(THE TASK) Could you transcribe all of the data exactly and skip any pictures?

(SOURCE DATA)

:::

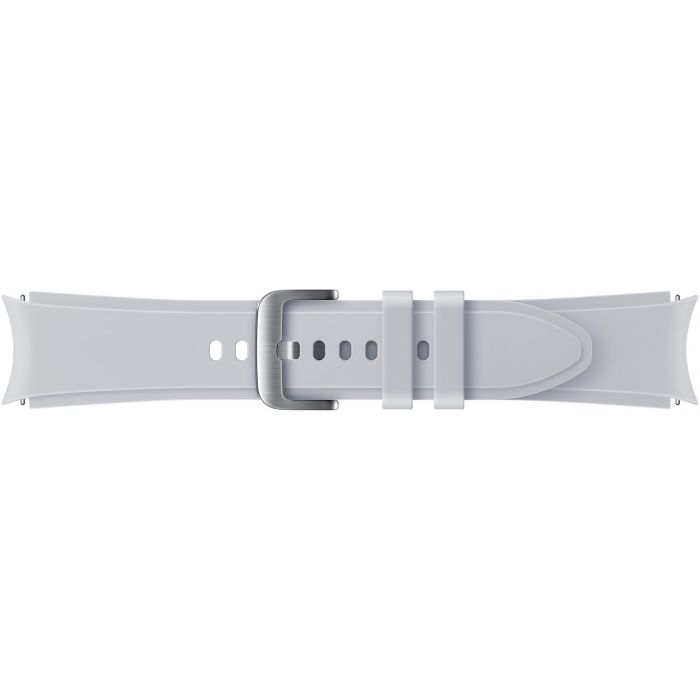 Samsung Ridge Sport Band (20 mm. S/M). Silver 2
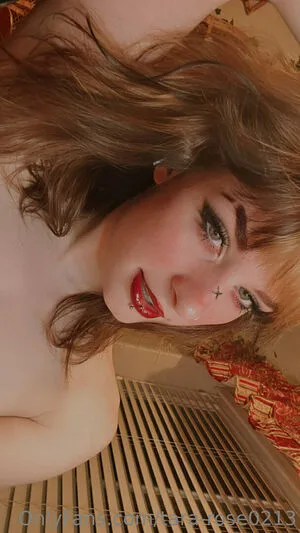 Tara Rose0213 OnlyFans Leaked Free Thumbnail Picture - #4l3nxsvgBm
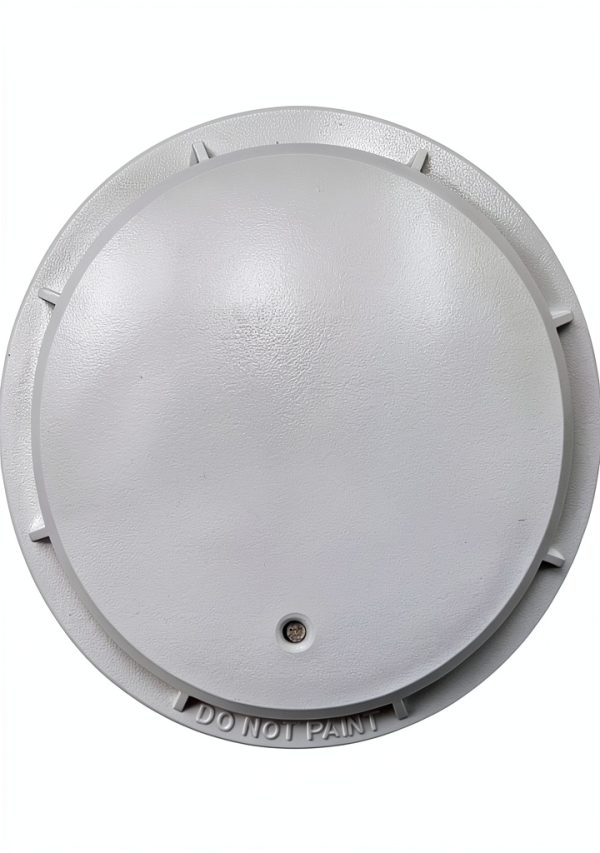 Simplex 4098-9601 - Photo Detector W/Led-0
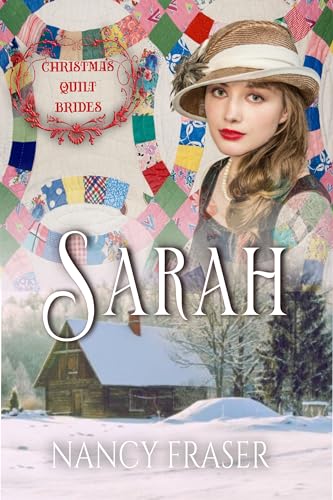 Sarah book cover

:::

(RESPONSE)
 Samsung Ridge Sport Band (20 mm. S/M). Silver 2
 Tara Rose0213 OnlyFans Leaked Free Thumbnail Picture - #4l3nxsvgBm
 Simplex 4098-9601 - Photo Detector W/Led-0
 Sarah book cover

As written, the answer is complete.